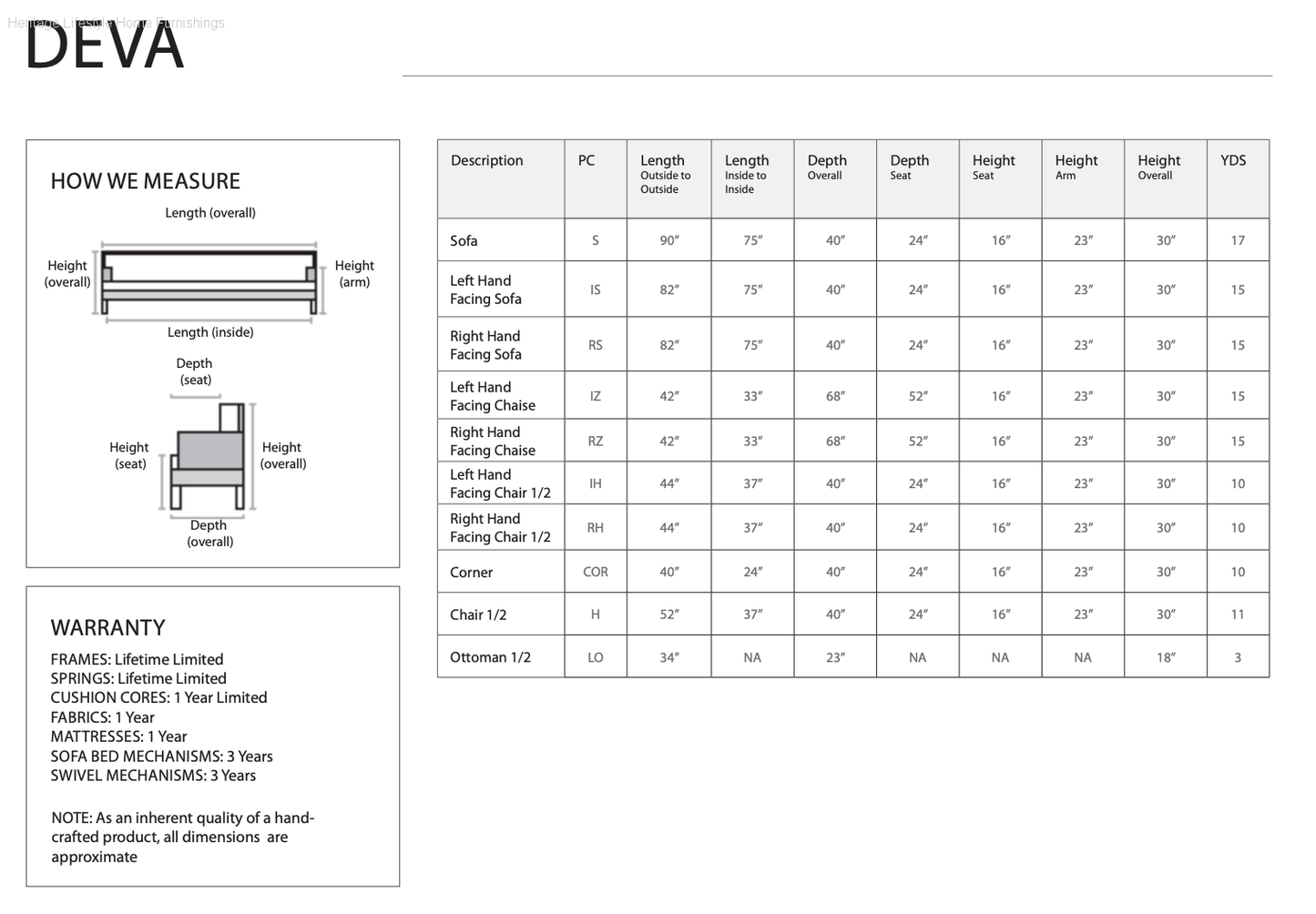 HLHF Deva Fabric Sectional Living Furniture Store Burlington Ontario Near Me 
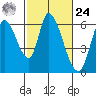 Bay Slough (East) tide chart for Saturday, February 24, 2024
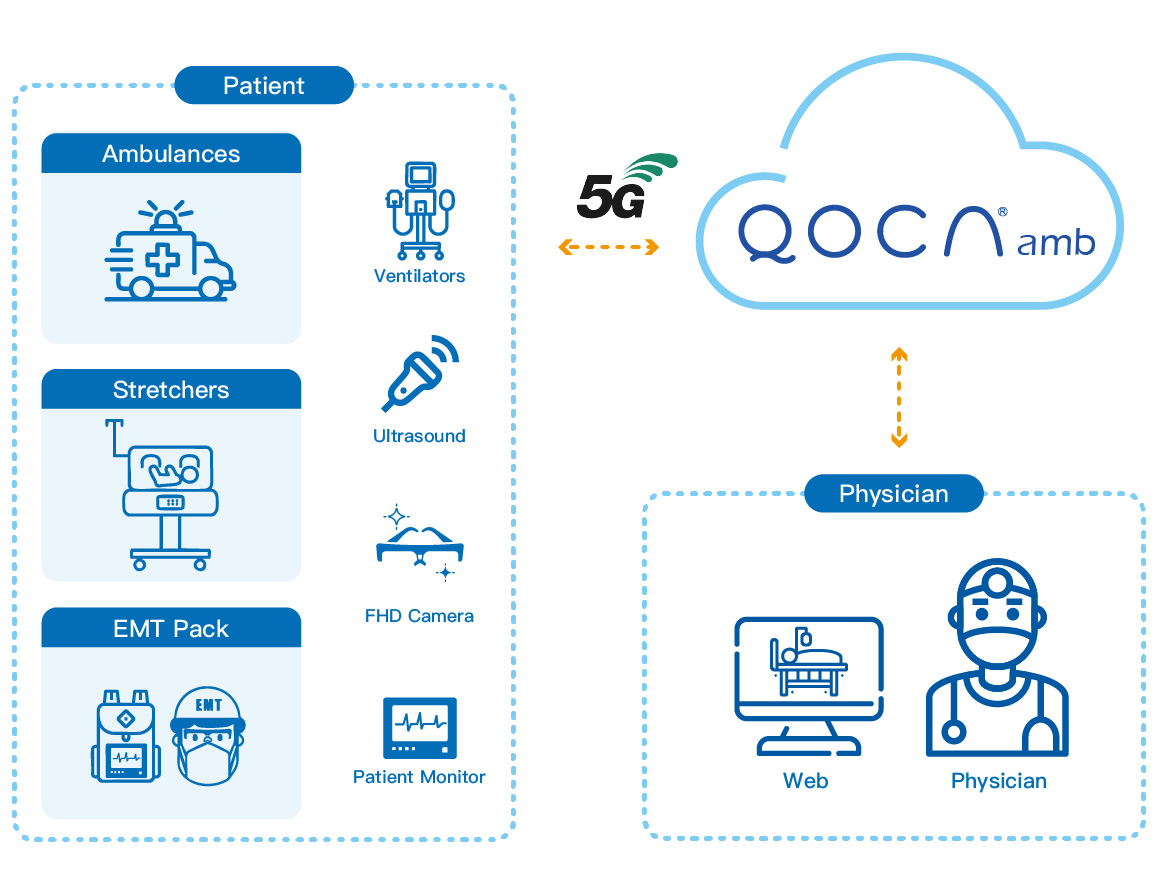 解決方案 :: QOCA® Smart Healthcare - Generating smarter health with AI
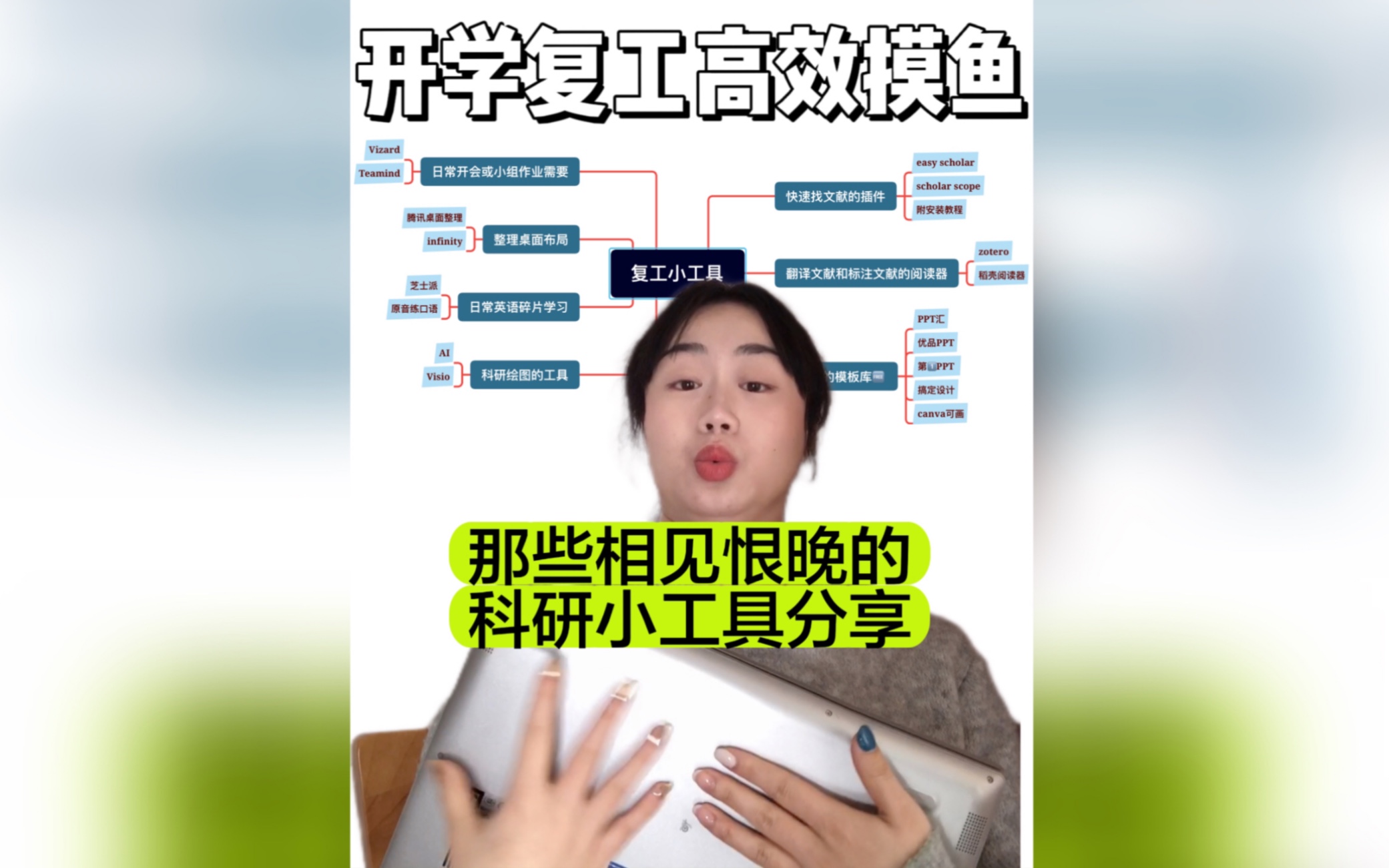 开学复工必备的科研小工具分享~高效摸鱼啊哔哩哔哩bilibili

----------------

Task to carry out → Find the line with "Bay Slough (East)". Reproduce it and every line after it through the last line above exactly, leaving out the pictures.

Task answer →
 Bay Slough (East) tide chart for Saturday, February 24, 2024
 解決方案 :: QOCA® Smart Healthcare - Generating smarter health with AI
 开学复工必备的科研小工具分享~高效摸鱼啊哔哩哔哩bilibili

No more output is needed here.